Of course this is no mere accident, because Istanbul is built on the very crossroads of both culture and history. Continental borders are always going to be arbitrary (the tiny Strait of Gibraltar counts as a continental barrier, but the Sahara Desert doesn’t?) but Istanbul proves that it’s more a mental barrier than anything else. On one side is Europe, the other Asia, and Istanbul is in and of both.

The area was first settled on any significant scale in the 7th century BCE by the Greeks, in the form of the fishing villiage of Byzantium and its lesser-known cousin across the straits, Chalcedon (later absorbed into the city-state of Byzantium). It’s a mystery as to why the town was good as forgotten for much of the glory years of the Greek, Macedonian and Roman Empires, given its strategically significant position (possibly due to the fact that the Black Sea was not at that point a particularly profitable area for either conquest or trade). In fact, there’s so little solid information on the original town of Byzantium compared to its prestige that the Wikipedia article on it is apparently forced to dedicate about two-thirds of its length to speculatory wank over whether the star-and-cresent was a significant Byzantine symbol (or, “whether those thieving ay-rabs could even come up with the symbol of their own religion or whether they had to steal that from the glorious white man as well” as it seems most of the motivation behind it is pointing to).
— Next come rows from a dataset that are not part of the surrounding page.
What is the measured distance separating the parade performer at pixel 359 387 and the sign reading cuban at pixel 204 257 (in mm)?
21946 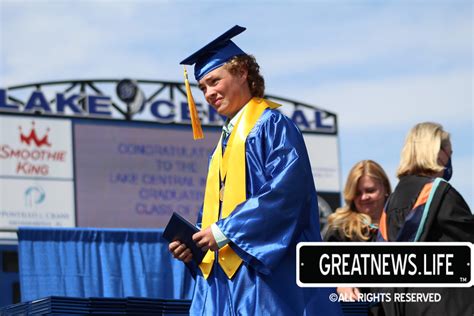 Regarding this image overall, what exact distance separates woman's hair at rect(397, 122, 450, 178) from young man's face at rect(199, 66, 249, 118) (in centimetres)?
98

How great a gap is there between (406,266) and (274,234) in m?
0.91

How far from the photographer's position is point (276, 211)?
4.76m

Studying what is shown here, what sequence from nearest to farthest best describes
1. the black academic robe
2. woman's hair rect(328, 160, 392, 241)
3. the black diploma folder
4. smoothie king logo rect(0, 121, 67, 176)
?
1. the black diploma folder
2. the black academic robe
3. woman's hair rect(328, 160, 392, 241)
4. smoothie king logo rect(0, 121, 67, 176)

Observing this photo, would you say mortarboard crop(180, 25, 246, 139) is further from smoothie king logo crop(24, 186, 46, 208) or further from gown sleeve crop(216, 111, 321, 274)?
smoothie king logo crop(24, 186, 46, 208)

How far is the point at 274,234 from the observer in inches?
188

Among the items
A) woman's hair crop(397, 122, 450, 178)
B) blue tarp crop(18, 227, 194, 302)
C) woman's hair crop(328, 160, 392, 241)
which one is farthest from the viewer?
blue tarp crop(18, 227, 194, 302)

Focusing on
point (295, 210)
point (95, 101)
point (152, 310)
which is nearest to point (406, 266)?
point (295, 210)

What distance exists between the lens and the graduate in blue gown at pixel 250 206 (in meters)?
4.76

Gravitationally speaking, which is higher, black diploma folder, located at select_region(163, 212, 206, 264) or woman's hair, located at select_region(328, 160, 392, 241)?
woman's hair, located at select_region(328, 160, 392, 241)

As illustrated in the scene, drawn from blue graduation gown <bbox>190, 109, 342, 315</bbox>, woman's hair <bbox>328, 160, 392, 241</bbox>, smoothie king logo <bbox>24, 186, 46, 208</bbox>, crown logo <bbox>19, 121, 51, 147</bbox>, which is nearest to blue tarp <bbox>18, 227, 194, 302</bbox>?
woman's hair <bbox>328, 160, 392, 241</bbox>

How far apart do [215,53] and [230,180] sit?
0.60 m

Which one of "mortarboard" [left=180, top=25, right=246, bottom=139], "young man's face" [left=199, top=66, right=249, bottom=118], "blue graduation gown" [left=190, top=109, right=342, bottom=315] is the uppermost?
"mortarboard" [left=180, top=25, right=246, bottom=139]

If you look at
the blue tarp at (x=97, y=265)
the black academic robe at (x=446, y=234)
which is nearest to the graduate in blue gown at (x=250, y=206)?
the black academic robe at (x=446, y=234)

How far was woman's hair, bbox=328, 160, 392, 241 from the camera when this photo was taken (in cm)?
656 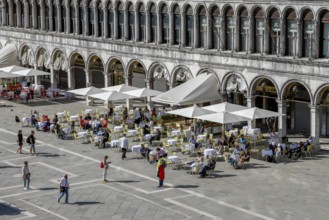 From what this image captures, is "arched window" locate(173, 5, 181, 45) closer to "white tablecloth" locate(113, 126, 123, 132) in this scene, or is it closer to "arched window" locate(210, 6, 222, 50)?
"arched window" locate(210, 6, 222, 50)

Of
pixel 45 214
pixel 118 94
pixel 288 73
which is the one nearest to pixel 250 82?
pixel 288 73

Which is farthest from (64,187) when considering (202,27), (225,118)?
(202,27)

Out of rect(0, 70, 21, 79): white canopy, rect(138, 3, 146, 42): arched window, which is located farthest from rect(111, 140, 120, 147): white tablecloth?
rect(0, 70, 21, 79): white canopy

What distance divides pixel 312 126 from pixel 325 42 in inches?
227

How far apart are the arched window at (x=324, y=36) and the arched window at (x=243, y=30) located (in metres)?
6.62

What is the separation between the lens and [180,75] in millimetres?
65438

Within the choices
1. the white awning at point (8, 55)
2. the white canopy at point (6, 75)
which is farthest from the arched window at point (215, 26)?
the white awning at point (8, 55)

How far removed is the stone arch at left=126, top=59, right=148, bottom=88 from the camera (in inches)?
2773

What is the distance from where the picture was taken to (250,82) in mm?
58656

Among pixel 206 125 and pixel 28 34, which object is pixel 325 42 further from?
pixel 28 34

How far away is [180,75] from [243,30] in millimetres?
8431

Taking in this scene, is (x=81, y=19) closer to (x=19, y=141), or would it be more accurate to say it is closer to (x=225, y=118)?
(x=19, y=141)

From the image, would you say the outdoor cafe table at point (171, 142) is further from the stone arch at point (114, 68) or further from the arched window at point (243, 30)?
→ the stone arch at point (114, 68)

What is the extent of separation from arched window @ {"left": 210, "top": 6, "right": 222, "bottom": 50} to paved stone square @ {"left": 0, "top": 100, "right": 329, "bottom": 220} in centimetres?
1324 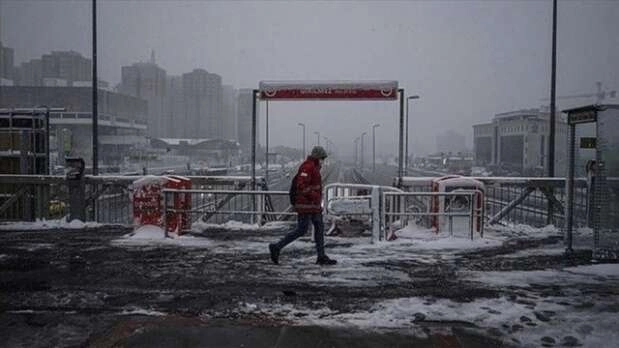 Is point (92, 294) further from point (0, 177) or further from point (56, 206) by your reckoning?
point (56, 206)

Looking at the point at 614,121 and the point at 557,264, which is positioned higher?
the point at 614,121

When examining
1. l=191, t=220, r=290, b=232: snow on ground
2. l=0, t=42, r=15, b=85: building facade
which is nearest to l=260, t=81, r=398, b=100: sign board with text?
l=191, t=220, r=290, b=232: snow on ground

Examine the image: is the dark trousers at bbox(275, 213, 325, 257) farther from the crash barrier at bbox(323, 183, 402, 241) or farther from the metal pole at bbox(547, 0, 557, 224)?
the metal pole at bbox(547, 0, 557, 224)

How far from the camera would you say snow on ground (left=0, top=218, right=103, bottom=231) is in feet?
44.0

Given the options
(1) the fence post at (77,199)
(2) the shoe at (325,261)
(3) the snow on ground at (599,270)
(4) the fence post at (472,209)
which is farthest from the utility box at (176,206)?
(3) the snow on ground at (599,270)

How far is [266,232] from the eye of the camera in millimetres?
12805

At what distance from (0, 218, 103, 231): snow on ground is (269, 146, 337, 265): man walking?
6.92 metres

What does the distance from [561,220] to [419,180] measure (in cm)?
438

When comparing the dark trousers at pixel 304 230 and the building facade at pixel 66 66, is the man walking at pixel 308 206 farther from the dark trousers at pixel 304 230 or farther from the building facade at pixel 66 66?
the building facade at pixel 66 66

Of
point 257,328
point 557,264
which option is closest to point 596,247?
point 557,264

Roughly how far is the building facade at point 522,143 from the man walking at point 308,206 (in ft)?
38.5

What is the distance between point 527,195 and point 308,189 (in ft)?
25.9

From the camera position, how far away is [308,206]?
30.1ft

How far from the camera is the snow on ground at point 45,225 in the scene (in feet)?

Nevertheless, Emperor Constantine certainly saw the value in it. The rest of the history – split in Roman empire, eastern “Byzantine” empire, Fourth Crusade, fall of Constantinople to Ottoman Empire in 1452 (a popular arbitrary end-point for the middle ages, along with the Battle of Bosworth Field, 1485, or Columbus’ voyage to the Americas and expulsion of Muslims from Iberia, 1492) – is interesting, certainly, but irrelevant here. It is the city’s rebirth under the Ottomans which provides by far the most interetsting story, as well as the most convincing reasons as to why the city, and Turkey as a whole, are how they are today. The Ottomans practiced no ethnic cleansing and enacted no settlement policies. In fact, Constantinople (the changing of the name was a gradual process as demographics changed and Ottoman nationalism grew, and was not official until 1921) was the world’s most multicultural city. Know that ‘multiculturalism’ here is not the multiculturalism we know, where a group of immigrants will bring their own (often far superior) foods to a new country and speak in a language other than English to each other – the same multiculturalism which has heads of government such as Germany’s Angela Merkel and the UK’s David Cameron running around like headless chooks either in fear or in an attempt to grab the racist vote (you decide). This was genuine multiculturalism, in which the various cultures – Greek, Turkish, Slavic, Armenian etc – were governed according to their own laws and traditions, with the state plaing an oversight role, usually only intervening in the case of cross-cultural dispute. The closest example we have in today’s world to this level of multiculturalism is in South-East Asia, notably Singapore and Malaysia, where due to the often radically different values and laws of the various cultures (the Malay Muslim/Chinese one being most prominent, but also further confused by the presence of Indians and a growing Thai refugee population), where governments have even gone so far as to introduce different sets of laws for citizens based on whether they are Malays or not. It certainly brings home the point that in modern Western society we have particularly low standards for what constitutes ‘multiculturalism’. And given how Germany’s last experiment with monoculturalismworked out, Merkel would do well not to give up on ‘multikulti’ so quickly.

The fact that the cultural groups enjoyed a high level of autonomy does not mean that they were isolated from each other, and the syncretic combination of the various cultures of Istanbul made it the vibrant and utterly unique city it is today (it was named the European Capital of Culture for 2010, a selection Turks take great pride in). Turkey will never have the percieved problems of Germany or the UK, due to a combination of geography, demographics and a solid base in the nation’s legislature – much of which (more than you’d think) – can be traced back to the father of modern Turkey, Mustafa Kemal, better known as Ataturk.